Implementing CASL requirements
Canada's Anti-Spam Legislation (CASL) has been in effect for some time to ensure that businesses and individuals reduce the harmful effects of spam and related threats to electronic commerce. It included a private right to action deadline on July 1, 2017 (which was subsequently suspended), where businesses and individuals were vulnerable to expensive fines for violations. As such, an internal team was created to ensure that all Scotiabank's communications were compliant and to mitigate possible liability.
Implement the requirements of CASL compliance as interpreted by the internal team with minimal impact to existing properties while following these key design goals:
- Provide a clear and concise customer experience
- Reduce friction of marketing opt-in within existing properties
- Comply with CASL requirements as provided by the internal CASL team
Concerns with initial proposal
The initial proposal provided by the internal CASL team, while entirely compliant, offered the following challenges:
- Incentive is ambiguous - The current headline of "Join the millions of Canadians that receive valuable messages and rewards..." could be misinterpreted to include service messages.

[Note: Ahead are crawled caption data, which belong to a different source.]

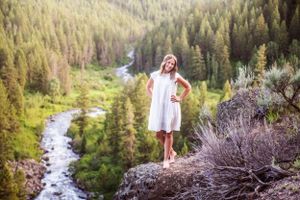 A person in a white dress stands on a rocky overlook above a winding river valley filled with evergreen trees.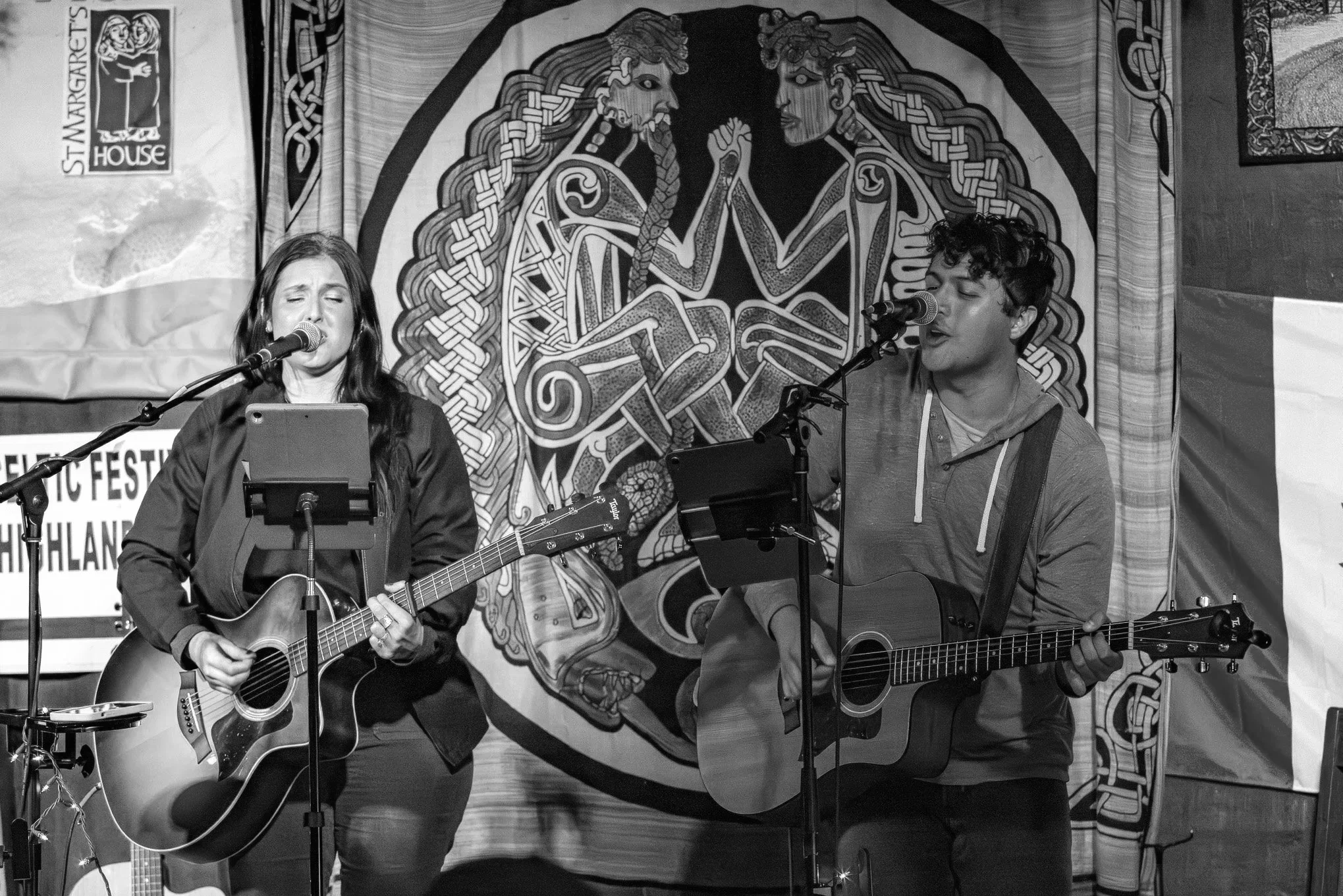 Two musicians performing on stage with acoustic guitars, singing into microphones, in front of a Celtic knot and mythological creature mural at a music festival.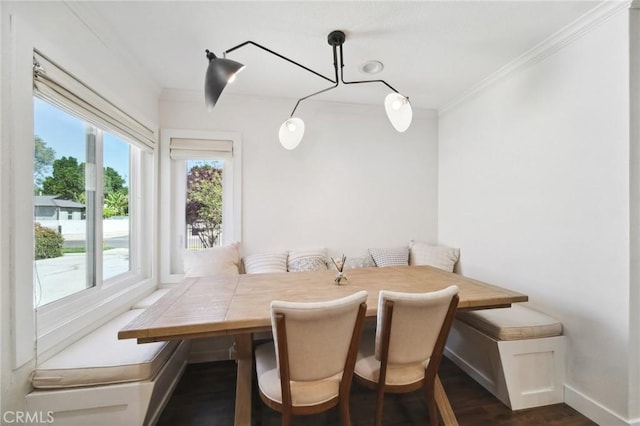 18356 Friar St, Tarzana, CA 91335 - dining room with breakfast area, ornamental molding, dark wood-style floors, and baseboards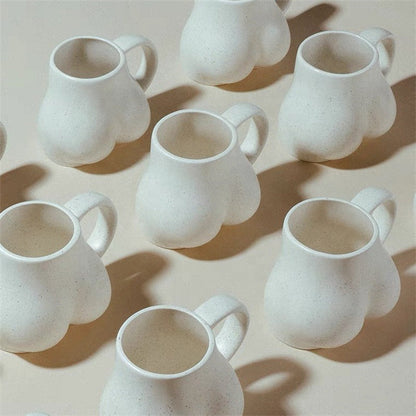 Koffiekopje met Vrouwelijke Rondingen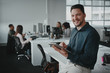 © StratfordProductions - Happy young professional businessman with digital tablet looking at camera against his coworker working in background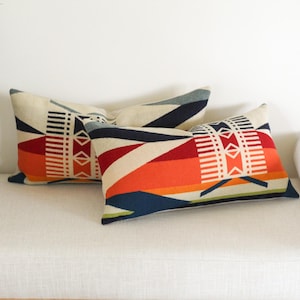 May include: Two rectangular cushions with a geometric pattern in cream, orange, red, navy, and white. The cushions are placed on a white sofa. The design features stripes and shapes.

- Overwhelming - The lengthy legal language and list of entities, along with the presentation of the scroll box may be visually and comprehensively overwhelming.
- Friction of choice - The available options "Ask me later" and "Yes, I want to receive messages from Scotiabank" are not entirely distinct choices, rather they may create momentary confusion which could create additional friction towards the primary task aside from the marketing message offer.
We focused our research on the requirements of CASL itself, the limitations as defined by the internal CASL team, and the needs of other designers in a variety of experiences that will be required to implement any solution. We presented our concerns with the initial proposal and worked with the internal CASL team to determine potential areas of improvements. After a couple of reviews with the internal CASL team and the legal team, we were able to narrow down our choices to two options for immediate execution.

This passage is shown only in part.